The bank's operating profit to risk-weighted assets (RWA) ratio was
1.8% at YE 2023, adequate to its rating levels. Also, Banco
Azteca's capitalization remains reasonable with a CET1 to RWA ratio
of 14.5% and maintains a robust funding and liquidity profile,
which is attributed to its ample, diversified, and low-cost
customer deposit base, showcasing consistent stability across the
cycle.

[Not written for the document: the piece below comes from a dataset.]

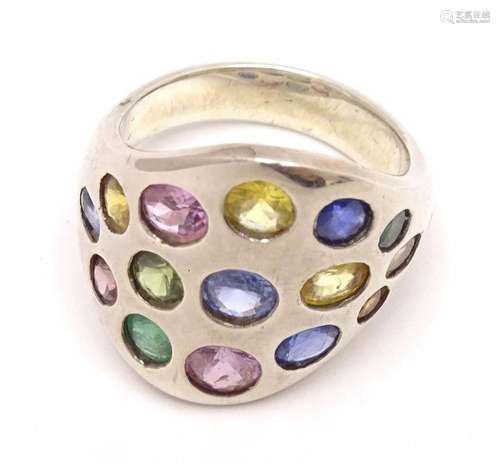 A white metal ring set with sapphires, pink sapphires, emera...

At YE 2023, the loans-to-deposits ratio was 79.0%.

RATING SENSITIVITIES

Factors that Could, Individually or Collectively, Lead to Negative
Rating Action/Downgrade

- Negative rating sensitivities are not applicable as the ratings
have been withdrawn.

Factors that Could, Individually or Collectively, Lead to Positive
Rating Action/Upgrade

- Positive rating sensitivities are not applicable as the ratings
have been withdrawn.

Government Support Rating (GSR): Before the withdrawal, Banco
Azteca 'bb-' GSR reflected Fitch's expectation that although the
bank is not a domestic systemically important bank (D-SIB), there
was a moderate probability of sovereign support in case of need,
given the bank's ample base of retail depositors and moderate
market share of customer deposits.

Factors that could, individually or collectively, lead to negative
rating action/downgrade:

- Negative GSR sensitivities are not applicable as the ratings have
been withdrawn.

Factors that could, individually or collectively, lead to positive
rating action/upgrade:

- Positive GSR sensitivities are not applicable as the ratings have
been withdrawn.

VR ADJUSTMENTS

Fitch has assigned a Business Profile score of 'bb', which is below
the 'bbb' category implied score, due to the following adjustment
reason(s): Management and Governance (negative).

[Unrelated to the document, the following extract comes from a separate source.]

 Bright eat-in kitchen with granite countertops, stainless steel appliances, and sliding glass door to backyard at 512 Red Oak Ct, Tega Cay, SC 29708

Fitch has assigned an Asset Quality score of 'b+', which is below
the 'bb' category implied score, due to the following adjustment
reason(s): Concentrations (negative).

Fitch has assigned a Funding & Liquidity of 'bbb-', which is above
the 'bb' category implied score due to the following adjustment
reason(s): Deposit Structure (positive).

SUMMARY OF FINANCIAL ADJUSTMENTS

Fitch classified pre-paid expenses and other deferred assets as
intangibles and deducted from total equity due to the low loss
absorption capacity under stress of these assets.

Sources of Information

Financial figures are in accordance to the Comision Nacional
Bancaria y de Valores criteria. Figures for 2022 and 2023 include
recent accounting changes in the process to converge to
International Financial Reporting Standards. Prior years did not
include these changes and Fitch believes they are not directly
comparable.

ESG CONSIDERATIONS

Following the withdrawal of Banco Azteca's ratings, Fitch will no
longer be providing the associated ESG Relevance Scores. Prior to
ratings withdrawal, Banco Azteca had an ESG Relevance Score of '5'
for Governance Structure due to the corporate governance concerns
and the relevant related-party transactions, which had a negative
impact on the credit profile, and were highly relevant to the
rating, resulting in one notch downgrade.

The highest level of ESG credit relevance is a score of '3', unless
otherwise disclosed in this section. A score of '3' means ESG
issues are credit-neutral or have only a minimal credit impact on
the entity, either due to their nature or the way in which they are
being managed by the entity. Fitch's ESG Relevance Scores are not
inputs in the rating process; they are an observation on the
relevance and materiality of ESG factors in the rating decision.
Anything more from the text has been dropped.